Nicole Lévêque (born January 27, 1951, in Nuillé-sur-Vicoin, France) is a French long-distance runner and marathoner. She began her International career in her mid-40s, representing her native country in the 10,000 metres at the 1994 European Athletics Championships, coincidentally finishing fourteen seconds and one place ahead of Danish Olympian Gitte Karlshøj. Her time of 32:12.07 was a W40 world masters record.
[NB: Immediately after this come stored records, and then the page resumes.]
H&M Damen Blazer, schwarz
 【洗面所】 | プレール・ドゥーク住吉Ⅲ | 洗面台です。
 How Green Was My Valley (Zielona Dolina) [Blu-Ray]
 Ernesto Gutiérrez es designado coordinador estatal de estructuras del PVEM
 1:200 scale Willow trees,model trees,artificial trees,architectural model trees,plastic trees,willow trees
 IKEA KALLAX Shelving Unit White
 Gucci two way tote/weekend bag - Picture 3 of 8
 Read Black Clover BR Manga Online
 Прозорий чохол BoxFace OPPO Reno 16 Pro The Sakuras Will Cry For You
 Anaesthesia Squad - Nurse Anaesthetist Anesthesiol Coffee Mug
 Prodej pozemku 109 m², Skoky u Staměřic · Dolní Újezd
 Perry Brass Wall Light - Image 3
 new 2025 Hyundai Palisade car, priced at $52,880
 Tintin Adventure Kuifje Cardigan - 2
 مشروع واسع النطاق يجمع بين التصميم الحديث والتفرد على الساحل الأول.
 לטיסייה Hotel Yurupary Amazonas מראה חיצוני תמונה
  Just a month before the championships, she had set the world masters W40 record at 5,000 metres. A couple of weeks later she won the Auray-Vannes Half Marathon setting the masters world record at 1:11:35. Her record would stand for eight years until it was displaced by Karlshøj. She followed just two more weeks later representing France at the 1994 IAAF World Half Marathon Championships. She repeated in 1995 IAAF World Half Marathon Championships. In 1996, she set the still-standing W45 world record in the 5,000, the W45 1500 metres world record and came within 5 seconds of Evy Palm's W45 record in the 10,000, a record that is almost 2 minutes faster than any other athletes have achieved. She ran the Marathon at the 1998 European Athletics Championships, at age 47, setting her personal record at 2:36:52. Discounting the marathon as an all-inclusive final, she is also listed as the oldest finalist in a European Championship event requiring qualification from her appearance in the 10,000 metres in 1994. In 2001, at age 50, she again improved the W50 world record in the 5,000, which lasted just over 8 years until it was displaced again by Karlshøj.